The word “incunabula” refers to books printed before 1500 and in the earliest period of European typography since the invention of Gutenberg’s movable type printing press in the 1450s.
Published in Parma in 1499, our copy of Ausonius’ Opera Ausonii Nuper Reperta fits firmly in this most exciting category.
Ausonius was “a Latin poet and rhetorician interesting chiefly for his preoccupation with the provincial scene of his native Gaul… An incorrigible trifler and a victim of what he called “the poetic itch,” Ausonius left few works of any consequence. A characteristic piece of trifling is the Technopaegnion (“A Game of Art”), a set of poems in which each line ends in a monosyllable. His longest poem, on the Mosella (Moselle) River, has flashes of an almost Wordsworthian response to nature, with descriptions of the changing scenery as the river moves through the country.” – Britannica.
Ausonius, Decimus Magnus; Ugoleto, Taddeo. Opera Ausonii Nuper Reperta. Parma [Italy]: Angelum Ugoletum [Angelus Ugoletus], 1499. 86 leaves: 8 unnumbered and 78 numbered.
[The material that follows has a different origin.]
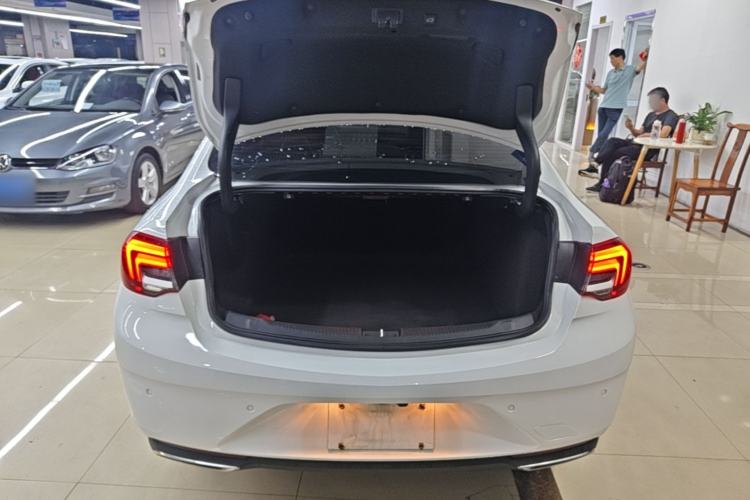 Used Buick Regal 2022 552T Smart Edition Trunk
Full leather, over boards carved in relief, with embossed decoration. Gilt lettering to spine. Page edges stained red. 3- and 6-line initial spaces. Woodcut printer’s device at end. Text block trimmed, with some loss to pagination numerals. Manuscript notes to title page, with some handwriting practice; marginal notes. A couple of pages show repairs, some old tide marks to margins.